The move will take place on the eve of what is known as Nakba day on May 15, “the day of the catastrophe,” when Palestinians commemorate the date in 1948 when 700,000 Palestinians either fled or were expelled from their communities.
The embassy relocation and the recognition of Jerusalem as Israel’s capital, he warned, will only encourage the Israeli government to continue violating the rights of Palestinians.
The Israeli-Palestinian conflict, however, did not dominate opening speeches delivered Monday through Wednesday by UN member and non-member states.
Still, the council is likely to pass at least five resolutions against Israel this session, more than against any other single country.
The US on Wednesday slammed the UNHRC for its biased treatment of Israel.
“It is unacceptable that the HRC treats Israel differently from every other UN member,” US Ambassador Mary Catherine Phee said.
“The institutional integrity of the Council demands that the efforts to delegitimize and isolate Israel through such blatant bias must end,” Phee told the council at the start of its session, which is scheduled to end March 23.
Phee took issue with UNHRC Agenda 7 mandates that say Israeli human rights abuses against Palestinians in the West Bank must be debated at each session and that a permanent investigator must be assigned to investigate such abuses.
No other country has such a permanent mandate. All global human rights abuses are debated under Agenda Item 4, including those in Syria and Iran. None of the countries which are considered to be serial human rights abusers have a permanent investigator assigned to them. Such investigators have only temporary mandates that must be renewed.
“When it comes to human rights, no country should be free from scrutiny, including Israel,” said Phee, who is the acting assistant secretary of the Bureau of International Organizations. Israel, Phee told the council, must be held to an equitable standard that would apply to any other country.
“The charter itself says the UN organization is based on the principle of the sovereign equality of all its members. That is not the case when the special rapporteur’s mandate on the occupied Palestinian territories – unlike every other Council mandate – never requires renewal,” Phee said.
The current session’s Agenda Item 4 debate is scheduled for March 14 and the Agenda Item 7 debate is slated for March 19.

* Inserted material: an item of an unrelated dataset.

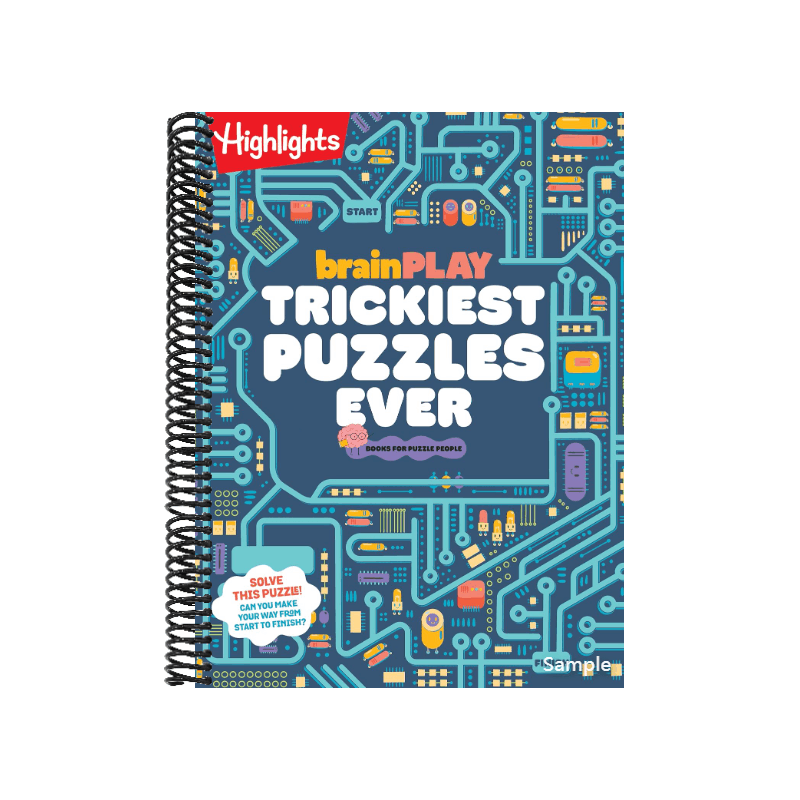 Brainplay Trickiest Puzzles Ever: Extra Tricky Brain Teasers, Logic Puzzles and Games for Kids 7 and Up, Over 200 Brain Games for Kids (Brainplay Puzzle Books) (Spiral Bound)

Maliki said that Agenda Item 7 was necessary as long as the “occupation” existed so that Israel could be held accountable for its actions.
Israel’s Ambassador to the UN in Geneva Aviva Raz Shechter blamed Palestinian antisemitism for the persistent attacks against Israel, which she noted is the only democracy in the Middle East.
“It’s time to see the constant discrimination of Israel in this council – by the resolutions that pass by an automatic majority – as stemming out of deeper reasons. Listen to the incitement in the Palestinian territories, nurturing the younger generations with hatred and antisemitic feelings,” Shechter said.
“While antisemitism is raising its ugly head in many countries, the reports and resolutions that are aimed at the creation of databases, boycott and divestment are yet another manifestation of the bias against the Jewish state. Let us acknowledge this shameful reality in this council and say ‘Enough is enough,’” Shechter said.
She brought with her to the council Zehava Shaul, the mother of Oron Shaul, one of two soldiers presumed to have been killed in the 2014 war in Gaza. It is believed that Hamas is holding their bodies along with three Israeli citizens whom it has since kidnapped.
Shechter called upon the body to help Israel secure the release of the bodies and its citizens.
“We call today upon the international community to fulfill its duty and responsibility and pressure Hamas until this unacceptable and cruel abuse of human rights comes to its end,” she said. “Mrs. Shaul deserves to have an end and closure to this inhumane uncertainty and suffering.”